Con la caduta dell’Impero Ottomano, dove il Califfo non è stato mai il Pontefice, gli Stati come il Libano, l’indipendenza dalla Francia, configurarono un’esperienza di riconoscimento delle diverse comunità; tuttavia, bisogna ricordare che tra gli Stati orientali, il Libano non ha mai ha avuto come religione predominante quella musulmana nonostante la sua presenza e la partecipazione dei credenti musulmani nel governo sia attiva.Ciò si spiega perché in questo paese, vi è un equilibrio dei poteri delle altre religione rivelate, attraverso un mutuo riconoscimento, il riconoscimento delle comunità cristiane sia
cattoliche che ortodosse, protestante evangelica e musulmana (Sunnita, Shiita, Drusa e Alawita) e, infine, una comunità israelitica. Ciò ha avuto come conseguenza logica che in quel paese, insieme al riconoscimento della libertà di coscienza si sia affermato che lo Stato rende omaggio al “Dio Onnipotente” e che per questo rispetta le religioni e il personale status corrispondente alle stesse, anche riconoscendo i tribunali delle comunità religiose, soggetti soltanto alla supervisione della Corte di Cassazione (art. 9 della Costituzione di 1926 che è anche l’attuale) (Gallala - Arndt, I., 2015, 835-836). Tuttavia il cambiamento della religione non comporta il predominio della legge di una comunità sull’altra, a differenza di quanto accade negli altri paesi della regione orientale, difatti, a livello amministrativo, si richiede soltatnto l’autorizzazione dell’autorità religiosa della comunità che accoglie e non anche quella dell’autorità di provenienza (Caprara, L., 2015).

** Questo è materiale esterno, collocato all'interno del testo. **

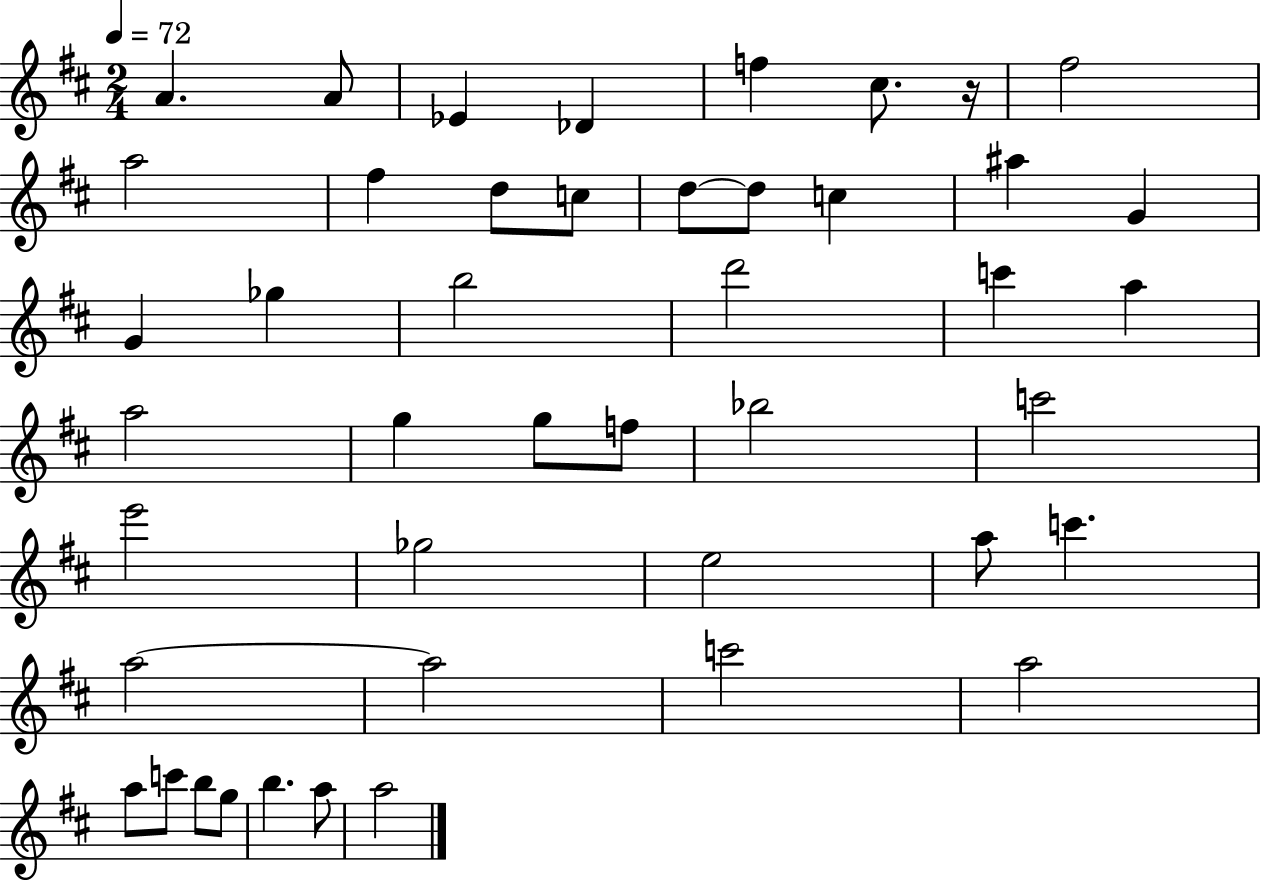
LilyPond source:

{
  \clef treble
  \numericTimeSignature
  \time 2/4
  \key d \major
  \tempo 4 = 72
  a'4. a'8 | ees'4 des'4 | f''4 cis''8. r16 | fis''2 | \break a''2 | fis''4 d''8 c''8 | d''8~~ d''8 c''4 | ais''4 g'4 | \break g'4 ges''4 | b''2 | d'''2 | c'''4 a''4 | \break a''2 | g''4 g''8 f''8 | bes''2 | c'''2 | \break e'''2 | ges''2 | e''2 | a''8 c'''4. | \break a''2~~ | a''2 | c'''2 | a''2 | \break a''8 c'''8 b''8 g''8 | b''4. a''8 | a''2 | \bar "|."
}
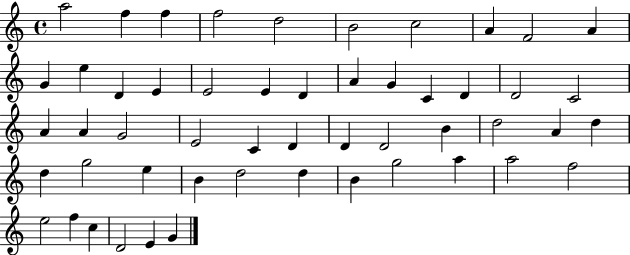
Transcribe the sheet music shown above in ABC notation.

X:1
T:Untitled
M:4/4
L:1/4
K:C
a2 f f f2 d2 B2 c2 A F2 A G e D E E2 E D A G C D D2 C2 A A G2 E2 C D D D2 B d2 A d d g2 e B d2 d B g2 a a2 f2 e2 f c D2 E G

Il sistema libanese si caratterizza per un principio di uguaglianza assoluto tra le diverse comunità, ciò rende la sua esperienza quasi unica. Il motivo si ritrova nel fatto che lo stesso rimane ancora troppo legato alle condizioni storiche e, quindi, ad un sistema permanente del regime comunitario, che rende difficile l’instaurazione di uno status personale laico offerto alla libera scelta dei cittadini senza essere condizionato dall’appartenenza ad una comunità, al fine di garantire anche i diritti, innanzitutto di famiglia e al fine di garantire la partecipazione alle cariche pubbliche che si trovano soggette alle comunità religiose divise tra cristiani e musulmani (art. 24 della Costituzione) dalle quali dipende anche la carica del capo dello Stato.